Why forests are important
The following passage is quoted from a 1923 textbook, The New Agriculture For High Schools. The author, Dr. Kary C. Davis, advises students that some woodlands should be preserved on farms. Here are the reasons he gives:
Forests benefit regions in a number of ways:
1, They greatly modify and improve climate.
2. They greatly equalize temperature.
3. They break the force of the wind.
4. They check evaporation.
5. They prevent floods or make them less serious. The forest itself and its floor of leaves and trash absorbing the rainfall, retard the rush of water to streams.
6. Water power for mills and factories along streams is more uniform because of a steady supply of water coming from a stream through a well-protected forest watershed.
7. Wells and springs are more continuous in their flow because more water enters the soil and gradually seeks the underground currents.
Source: From the chapter titled "Woodland Projects" (p.322) in The New Agriculture for High Schools by Kary C. Davis, Ph.D. Published in 1923 by J.P. Lippincott Company, Philadelphia.
It has been 85 years since the above points were listed.

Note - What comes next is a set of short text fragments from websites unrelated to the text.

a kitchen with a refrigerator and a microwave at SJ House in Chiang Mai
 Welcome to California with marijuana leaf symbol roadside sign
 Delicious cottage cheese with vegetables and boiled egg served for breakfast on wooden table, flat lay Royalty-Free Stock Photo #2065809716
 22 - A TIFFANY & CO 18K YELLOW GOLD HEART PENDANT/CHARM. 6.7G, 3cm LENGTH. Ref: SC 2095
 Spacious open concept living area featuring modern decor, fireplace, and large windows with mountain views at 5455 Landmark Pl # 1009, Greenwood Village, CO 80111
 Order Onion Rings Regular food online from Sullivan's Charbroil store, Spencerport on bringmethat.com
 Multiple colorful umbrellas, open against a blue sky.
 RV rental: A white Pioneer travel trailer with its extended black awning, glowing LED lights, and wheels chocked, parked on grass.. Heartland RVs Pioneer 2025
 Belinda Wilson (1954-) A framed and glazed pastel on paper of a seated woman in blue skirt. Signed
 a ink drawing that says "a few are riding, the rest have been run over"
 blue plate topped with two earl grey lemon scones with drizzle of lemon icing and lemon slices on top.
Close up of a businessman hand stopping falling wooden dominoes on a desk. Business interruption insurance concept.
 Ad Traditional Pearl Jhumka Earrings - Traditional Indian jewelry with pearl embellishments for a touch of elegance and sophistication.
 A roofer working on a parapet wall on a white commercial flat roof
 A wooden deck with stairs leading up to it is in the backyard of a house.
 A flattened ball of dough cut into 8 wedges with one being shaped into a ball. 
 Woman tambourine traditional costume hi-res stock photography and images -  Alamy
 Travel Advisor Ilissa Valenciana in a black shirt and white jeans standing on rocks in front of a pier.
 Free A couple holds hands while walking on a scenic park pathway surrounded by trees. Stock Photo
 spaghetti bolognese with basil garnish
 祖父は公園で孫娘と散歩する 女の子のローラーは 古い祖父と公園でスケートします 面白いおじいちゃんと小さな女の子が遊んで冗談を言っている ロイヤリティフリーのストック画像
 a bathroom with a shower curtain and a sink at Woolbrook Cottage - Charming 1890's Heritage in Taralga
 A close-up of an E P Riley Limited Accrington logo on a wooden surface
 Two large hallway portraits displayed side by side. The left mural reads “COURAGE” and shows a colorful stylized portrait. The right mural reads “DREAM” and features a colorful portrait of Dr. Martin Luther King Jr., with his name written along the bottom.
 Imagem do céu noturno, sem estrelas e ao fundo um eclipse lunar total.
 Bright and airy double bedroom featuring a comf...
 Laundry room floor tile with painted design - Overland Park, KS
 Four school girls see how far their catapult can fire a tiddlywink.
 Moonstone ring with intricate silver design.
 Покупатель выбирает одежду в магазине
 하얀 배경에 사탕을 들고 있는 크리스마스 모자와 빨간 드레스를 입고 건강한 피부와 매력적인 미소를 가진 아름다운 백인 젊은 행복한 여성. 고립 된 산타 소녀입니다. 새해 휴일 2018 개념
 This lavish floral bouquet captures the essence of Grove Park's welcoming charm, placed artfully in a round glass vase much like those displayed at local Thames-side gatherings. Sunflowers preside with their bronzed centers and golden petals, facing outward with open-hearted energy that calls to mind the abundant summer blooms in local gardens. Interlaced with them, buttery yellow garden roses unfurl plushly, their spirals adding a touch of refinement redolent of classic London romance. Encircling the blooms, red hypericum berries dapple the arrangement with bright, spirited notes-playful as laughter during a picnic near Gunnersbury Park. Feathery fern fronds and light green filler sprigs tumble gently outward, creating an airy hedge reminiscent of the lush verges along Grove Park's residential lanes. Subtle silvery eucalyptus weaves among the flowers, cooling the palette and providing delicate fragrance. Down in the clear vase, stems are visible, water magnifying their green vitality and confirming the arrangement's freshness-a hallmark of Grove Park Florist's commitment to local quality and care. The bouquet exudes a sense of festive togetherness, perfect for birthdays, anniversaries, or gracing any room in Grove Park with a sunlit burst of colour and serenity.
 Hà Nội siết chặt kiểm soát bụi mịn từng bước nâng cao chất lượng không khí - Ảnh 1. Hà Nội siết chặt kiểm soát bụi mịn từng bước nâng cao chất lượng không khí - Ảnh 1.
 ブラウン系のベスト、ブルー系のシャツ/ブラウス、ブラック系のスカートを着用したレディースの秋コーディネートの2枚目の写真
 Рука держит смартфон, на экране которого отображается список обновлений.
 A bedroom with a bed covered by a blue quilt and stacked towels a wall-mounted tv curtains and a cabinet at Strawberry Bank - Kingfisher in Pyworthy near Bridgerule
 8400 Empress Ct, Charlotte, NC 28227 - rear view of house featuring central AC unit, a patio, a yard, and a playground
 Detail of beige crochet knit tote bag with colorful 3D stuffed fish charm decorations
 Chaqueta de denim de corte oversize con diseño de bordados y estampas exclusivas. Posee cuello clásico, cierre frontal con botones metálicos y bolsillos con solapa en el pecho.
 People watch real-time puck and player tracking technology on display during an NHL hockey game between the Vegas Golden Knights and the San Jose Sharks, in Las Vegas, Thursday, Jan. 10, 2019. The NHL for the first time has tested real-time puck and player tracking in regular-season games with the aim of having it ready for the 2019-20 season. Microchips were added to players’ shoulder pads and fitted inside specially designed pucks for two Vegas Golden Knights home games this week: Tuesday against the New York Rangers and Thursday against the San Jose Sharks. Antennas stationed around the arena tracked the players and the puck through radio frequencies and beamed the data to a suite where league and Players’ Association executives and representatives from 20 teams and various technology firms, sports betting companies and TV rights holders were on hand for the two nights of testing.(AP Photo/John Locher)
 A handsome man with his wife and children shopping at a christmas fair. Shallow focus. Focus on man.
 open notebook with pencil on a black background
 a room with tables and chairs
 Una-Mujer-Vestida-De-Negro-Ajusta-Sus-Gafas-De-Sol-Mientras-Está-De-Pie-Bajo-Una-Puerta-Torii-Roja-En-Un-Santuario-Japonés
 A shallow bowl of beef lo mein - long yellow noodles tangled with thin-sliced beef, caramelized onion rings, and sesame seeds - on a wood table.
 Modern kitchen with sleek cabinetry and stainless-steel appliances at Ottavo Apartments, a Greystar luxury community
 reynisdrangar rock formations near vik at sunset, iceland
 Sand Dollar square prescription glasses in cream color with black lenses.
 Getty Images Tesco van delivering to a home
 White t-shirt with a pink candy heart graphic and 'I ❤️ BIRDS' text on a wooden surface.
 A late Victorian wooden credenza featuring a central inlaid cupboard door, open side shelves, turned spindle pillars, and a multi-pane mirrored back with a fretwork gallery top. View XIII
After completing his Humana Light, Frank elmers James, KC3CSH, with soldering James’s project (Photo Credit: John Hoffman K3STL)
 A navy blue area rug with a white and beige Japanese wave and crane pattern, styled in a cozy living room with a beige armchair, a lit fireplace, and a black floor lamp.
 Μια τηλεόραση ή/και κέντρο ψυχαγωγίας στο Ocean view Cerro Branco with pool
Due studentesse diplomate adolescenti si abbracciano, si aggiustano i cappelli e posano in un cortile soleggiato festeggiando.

We probably don't use as much water power today to run mills and factories (see #6 above,) but we depend on our rivers to produce electricity and to provide water for cities, agriculture, and recreation.
If we were rewriting this list today, we might also add that forests help reduce air pollution and serve as carbon sinks.
"The power to recognize trees at a glance without examining their leaves or flowers or fruit as they are seen, for example, from the car-window during a railroad journey, can only be acquired by studying them as they grow under all possible conditions over wide areas of territory. Such an attainment may not have much practical value, but once acquired it gives to the possessor a good deal of pleasure which is denied to less fortunate travelers."